____ The data
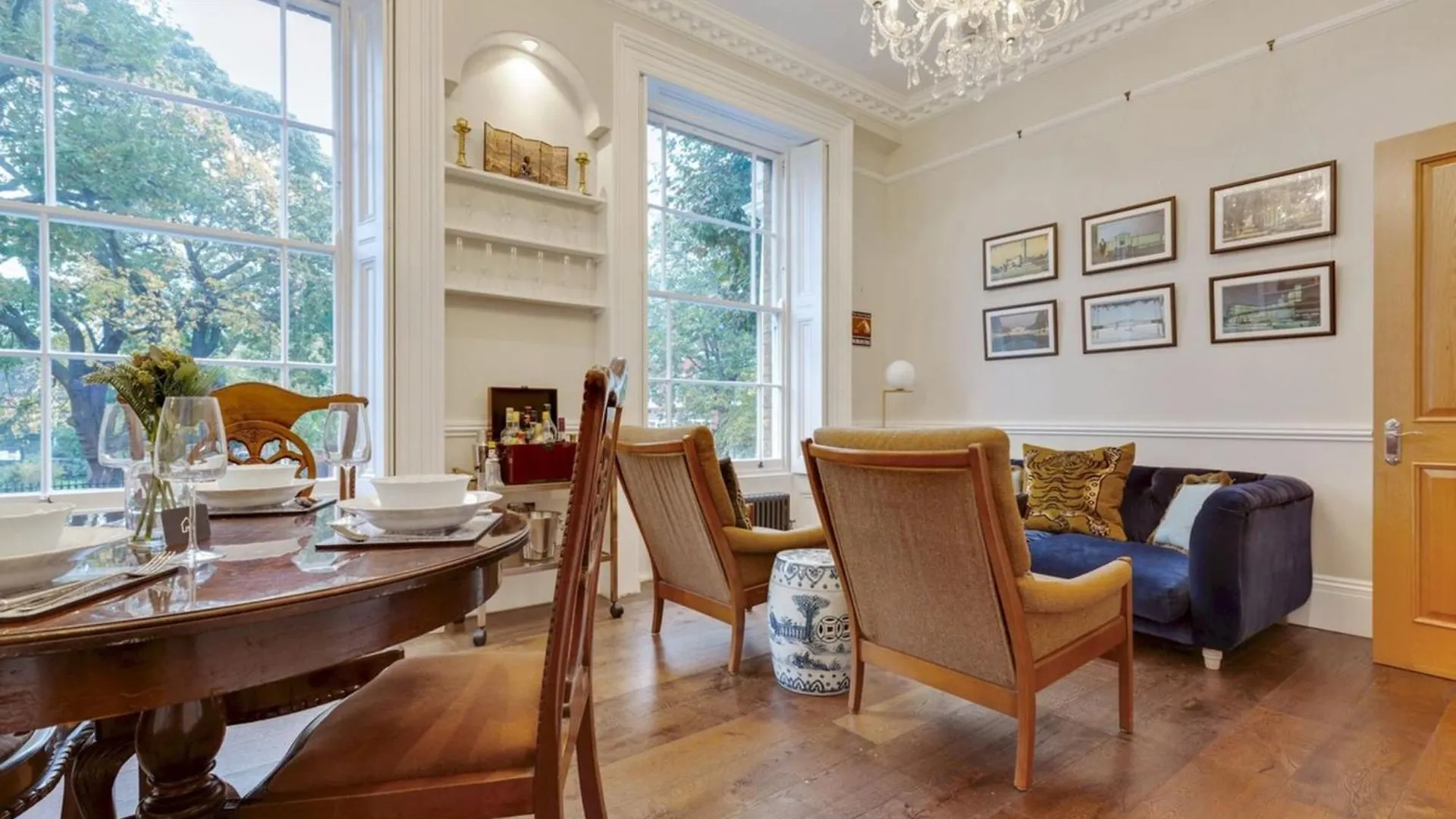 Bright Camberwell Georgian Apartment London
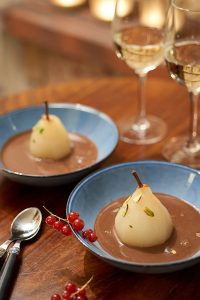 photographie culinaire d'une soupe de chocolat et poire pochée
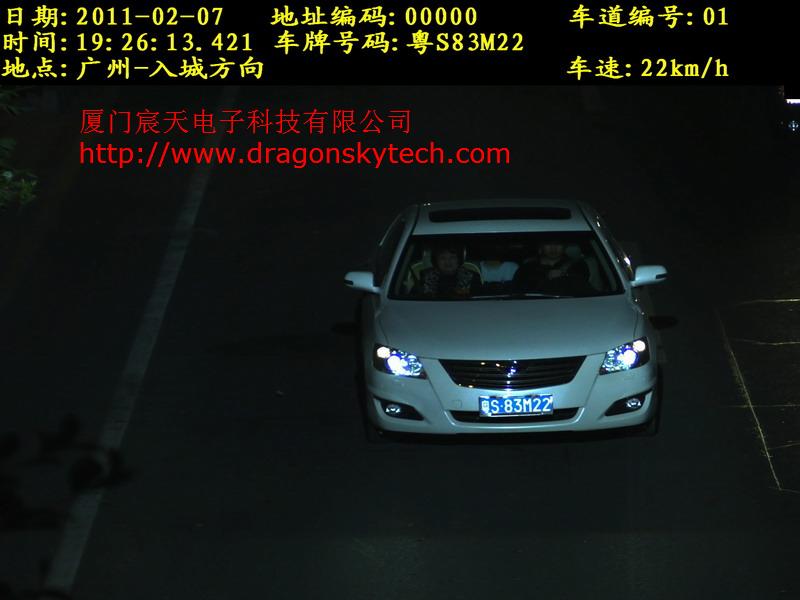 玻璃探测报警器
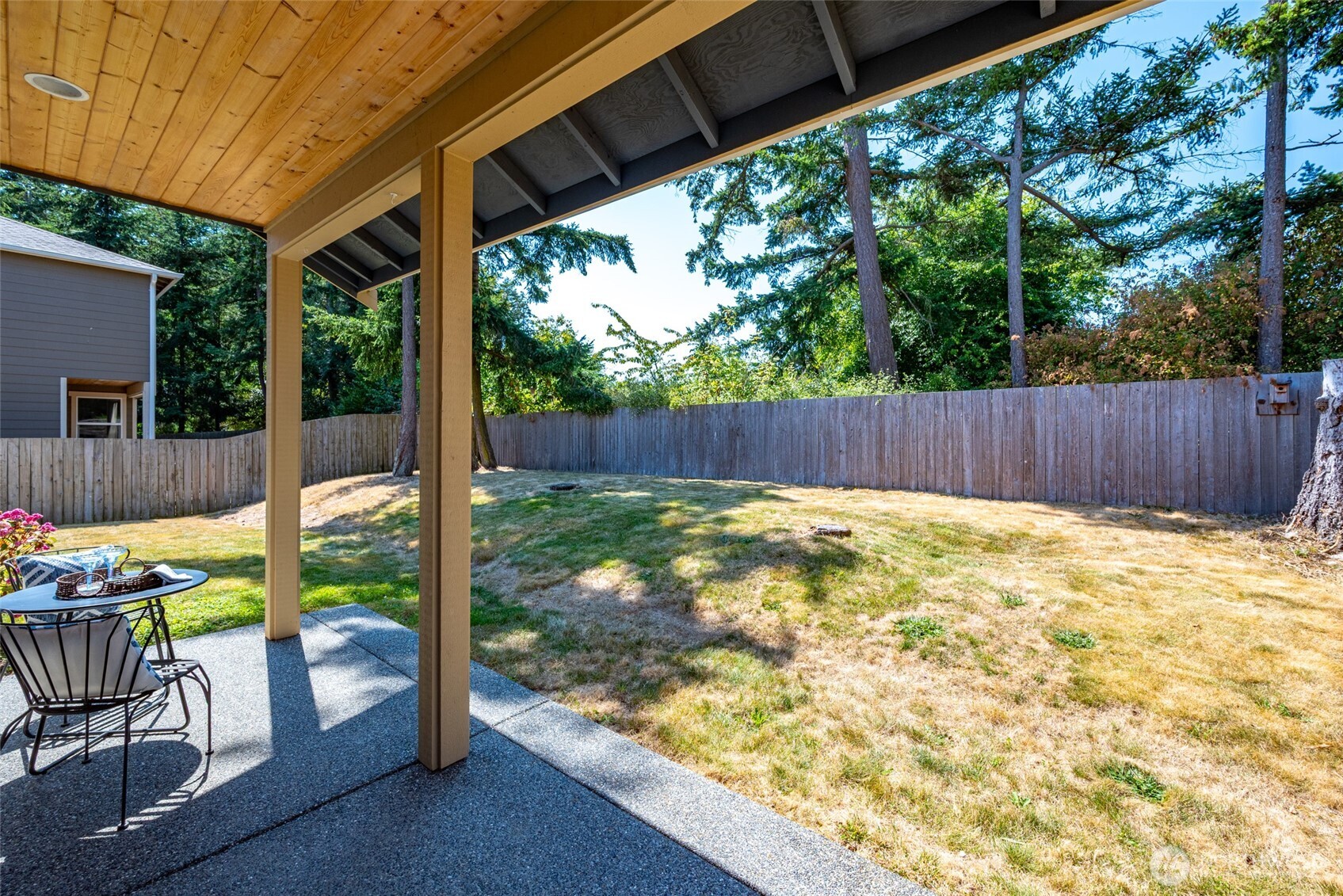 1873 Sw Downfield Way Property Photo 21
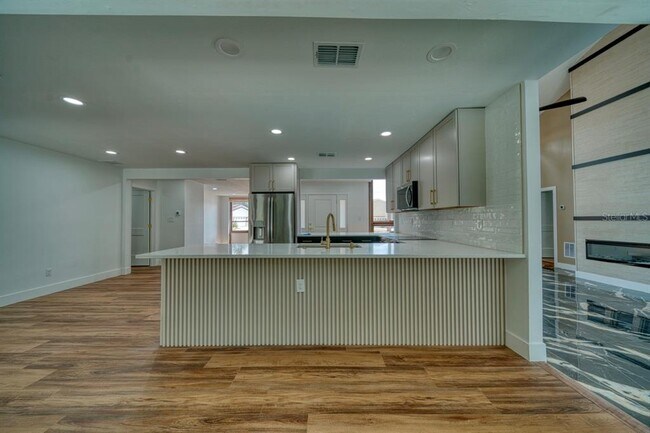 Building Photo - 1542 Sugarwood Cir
________
____ The data
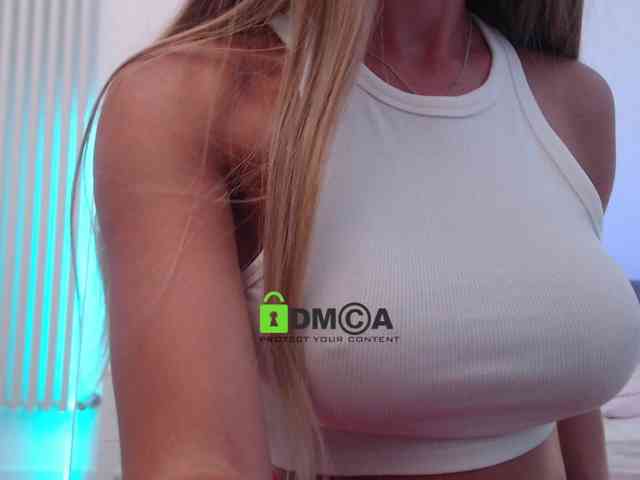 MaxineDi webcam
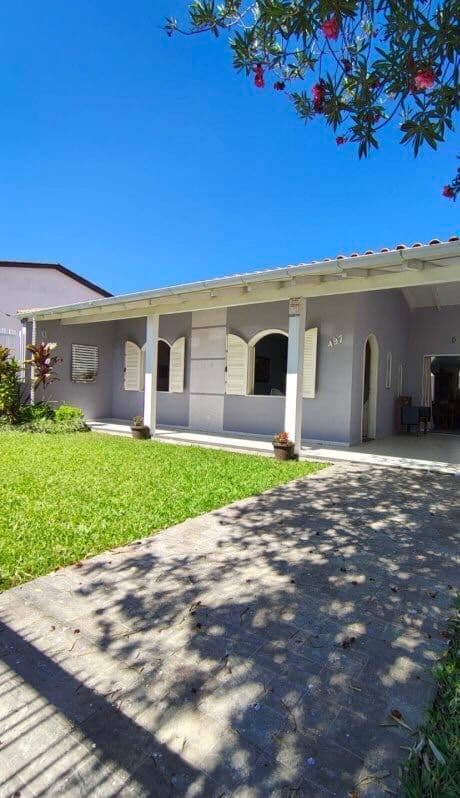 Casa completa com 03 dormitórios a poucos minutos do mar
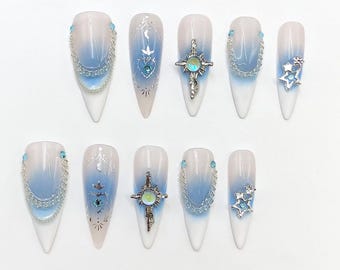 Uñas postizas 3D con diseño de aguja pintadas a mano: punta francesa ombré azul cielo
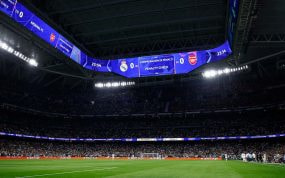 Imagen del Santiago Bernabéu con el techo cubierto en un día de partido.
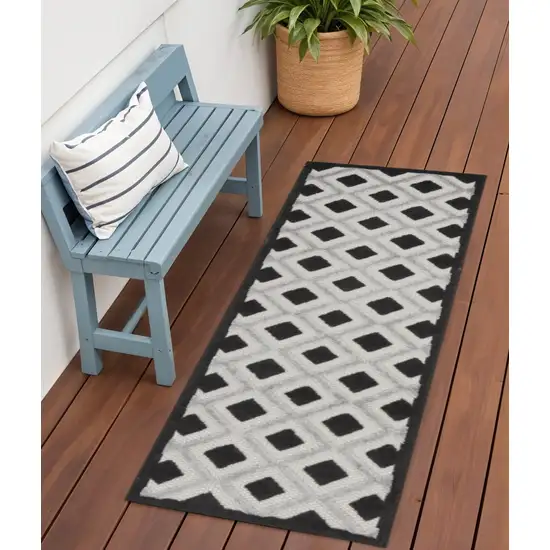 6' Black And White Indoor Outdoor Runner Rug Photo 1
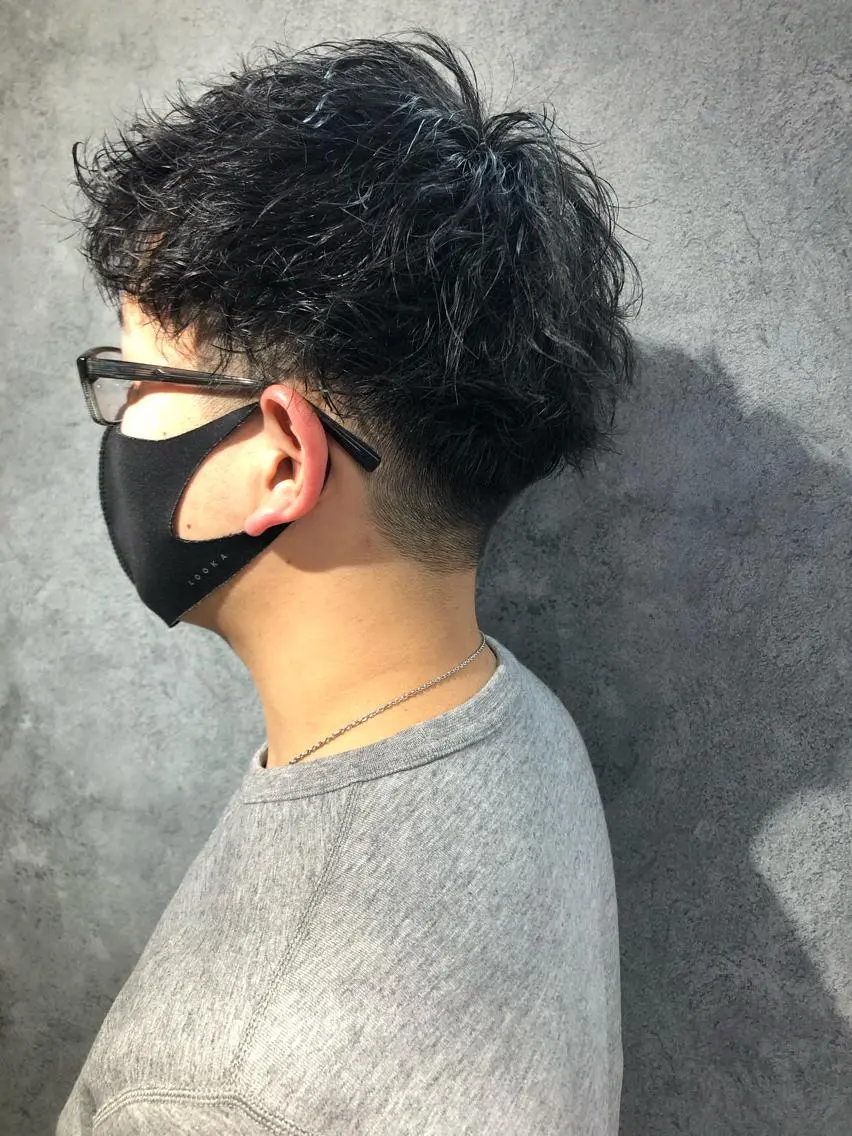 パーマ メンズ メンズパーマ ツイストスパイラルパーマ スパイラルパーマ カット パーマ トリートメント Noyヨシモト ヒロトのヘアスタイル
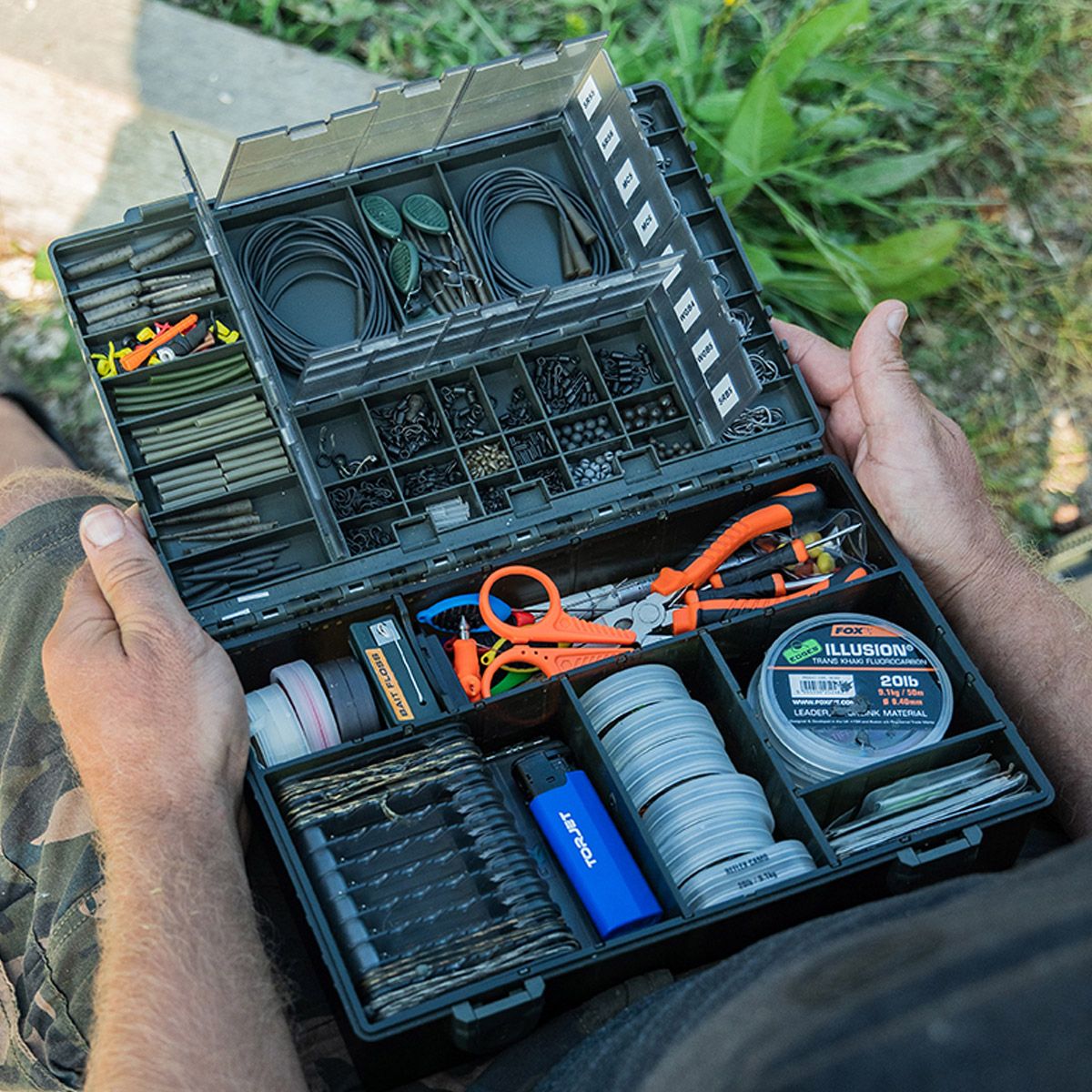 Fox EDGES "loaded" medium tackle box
________
> **Instructions to follow**: Look above for the line with "Bright Camberwell Georgian Apartment London" and the line with "Building Photo - 1542 Sugarwood Cir", then copy exactly the lines from the first through the second, both kept, with no pictures.

> **Answer**:
 Bright Camberwell Georgian Apartment London
 photographie culinaire d'une soupe de chocolat et poire pochée
 玻璃探测报警器
 1873 Sw Downfield Way Property Photo 21
 Building Photo - 1542 Sugarwood Cir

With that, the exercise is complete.